Alemanno, sindaco di Roma, ha formato la sua nuova Giunta: auguri. Durante la crisi, rimpasto, azzeramento, ripartenza del governo di Roma è successo in città qualcosa di strano e inconsueto. Non proprio in Campidoglio, ma era al Campidoglio che “qualcuno” parlava. Con “voci di dentro” che gridavano da fuori, con una pioggia di manifesti affissi in ogni quartiere. Manifesti sostanzialmente anonimi ma “firmati” e redatti in maniera che chi doveva capire…capiva. Uno dei manifesti, stampato e affisso a migliaia, diceva: “Gli eletti dal popolo non si toccano”. Firma: “Il popolo della verità”. Non era, par di capire a noi che non siamo tra quelli che “devono” capire, uno scherzoso fare il verso al “Popolo della Libertà” cui il sindaco, la giunta e la maggioranza appartengono. Era un monito, un avvertimento, firmato in quel modo perché si capisse che era “interno”. E l’avvertimento a “non toccare gli eletti dal popolo” doveva essere un altolà a toccare certi eletti, certi assessori. Quali? Al cittadino romano non è dato sapere nè capire, era Alemanno che doveva capire. Se abbia “capito” o no non è dato sapere. Un altro manifesto, ancora più criptico per il cittadino comune e sempre firmato “Popolo della Verità” diceva a caratteri cubitali: “No al doppio incarico”. Quale incarico, di chi?

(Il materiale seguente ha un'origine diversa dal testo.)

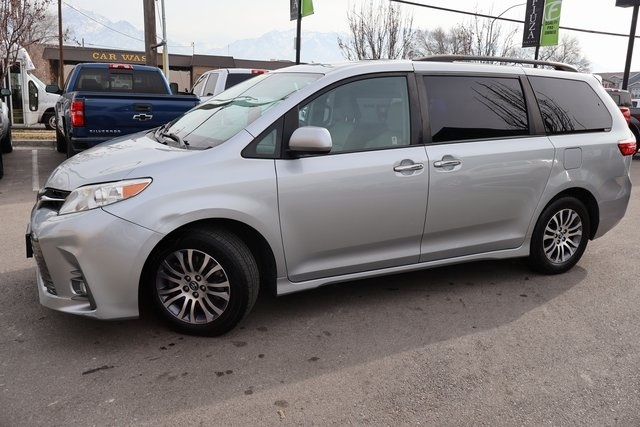 Toyota Sienna  2020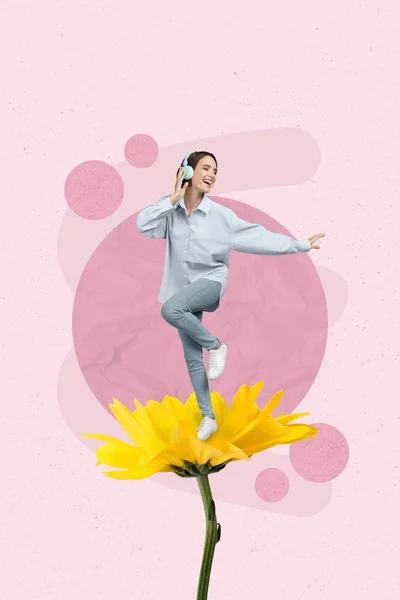 若いリラックスした女性の垂直コラージュ写真はピンクの背景に隔離された現代的なスタイリッシュなヘッドフォン音楽愛好家黄色デイジー花を聞きます — ストック写真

Quale doppio incarico l’avvertimento doveva bloccare? Qualcuno quei manifesti li ha pagati, stampati, pensati e messi in città. Perché qualcun altro, non certo la gente per strada, “capisse”. E’ stato l’esordio della comunicazione, del linguaggio, della semantica “mafiosa” in politica. Avvertimenti, messaggi, segnali, allusioni mirate ma in codice.